Now, more than 2,600 years later, all that might be about to change. In Citi analyst Jim Suva’s new note to investors on the future of Apple there
are three really interesting words: “Work security access.”
Suva and his colleague Asiya Merchant have touched on this before, in a note they published last November. They believe that Apple is working on a potentially vast new business in which physical security — locks and keys made of steel and iron — are replaced by electronic locks opened by your iPhone. (The basis of the business is Apple Pay and Passbook, the company’s mobile payments and ticketing platforms, coupled with Touch ID and HomeKit, Apple’s iPhone fingerprint security device and its platform for letting your phone control household appliances.)
“We have written extensively that we believe Apple Pay and Passbook have tremendous upside potential and have laid out 15 potential future uses of Apple Pay/Passbook,” the pair said late last year. Here is a chart they created at the time (below).

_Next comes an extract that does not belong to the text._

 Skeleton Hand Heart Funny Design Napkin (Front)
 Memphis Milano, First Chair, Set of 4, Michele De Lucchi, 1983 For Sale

We’ve highlighted the bits in which iPhones are used as keys:
The phrase “Office workers with keyless entry”might, at first glance, conjure a dystopian future in which you can only get a job if you have an iPhone: because otherwise how are you going to get into the building?
But it turns out that the keyless entry future will be phone-agnostic: Apple stores are already selling the August smart lock, and it works with both iPhone and Google’s Android phones .(Androids also have fingerprint security and NFC payment/transaction systems similar to Apple Pay.)
August promises to not only replace your keys, but to replace the keys you’ve given to other people, too:
The August Smart Lock gives you an intelligent, secure way to control access to your home from an app on your iPhone, iPod, or iPod touch. There’s no longer a need for keys and codes; just tap on your iOS device to select who enters and who doesn’t.
Tim Cook wants to abolish your car keys
On the one hand, this is simply a new device and a new app. It’s “the garage door opener for the iPhone,” in other words, and therefore not a big deal.
But now consider that information alongside Apple and Google’s previously stated long-term ambitions:
- Apple CEO Tim Cook has publicly said that he thinks the iPhone can replace your car keys. (And to prove him correct, here is Apple founder Steve Wozniak using an iPhone to get in and out of a locked hotel room.) Apple has been working on a key system since 2010, at least.
- Apple, through its IBM enterprise business app development deal, wants to make the iPhone and iPad the default mobile tools for the workplace. We’ve noted before that this deal — which rolls out all sorts of new uses for the devices to large corporations — is going to be far larger than most people realise.
- Google wants to concentrate on businesses that “touch” people twice a day. According to CEO Larry Page, the company is seeking businesses that “create beautiful, intuitive services and technologies that are so incredibly useful for people that people use them twice a day, like you might use a toothbrush. There aren’t many things people use twice a day.” People use locks twice a day, of course.
Apple and Google both need these businesses because they are so big. Google’s annual revenues are about $US66 billion. Apple’s are $US182 billion. Both companies need markets that are so staggeringly massive they will move the sales needle by billions of dollars.
“You can specify how long they can have access (one hour, five days, forever).”
From that perspective, it’s a lot easier to see why Apple and Google would want to persuade employers to look at their workforces, and look at all the time they waste giving people extra plastic/electronic key fobs for the office door. It would be a lot easier to simply have new workers download the company app, and only let them into the building if their iPhone fingerprint matches the code in the smart lock on the door. Employers could even control when workers — like temp contractors — are allowed into the building, according to Bloomberg:
Through the August app, you can specify how long they can have access (one hour, five days, forever) and when (all week or only on, say, Mondays), and the lock will automatically open as they approach the door, provided they, too, have downloaded the app.
This business is virtually limitless.
Every lock, on every building, on the planet, is a potential sale for Apple, August and Google.
Google already dipped a toe into this market with its $US3.2 billion acquisition of Nest, a thermostat company that lets people control the heating in their homes remotely from their phones. Heating systems, like locks, are things that need to be touched twice a day. Apple, as noted, is already selling lock systems and the phones that control them.
This morning, you probably locked your front door with a physical set of keys when you left the house. You will unlock that front door again when you return tonight. Twice a day, the same thing.
Apple and Google are looking at that and thinking, it’s time for change.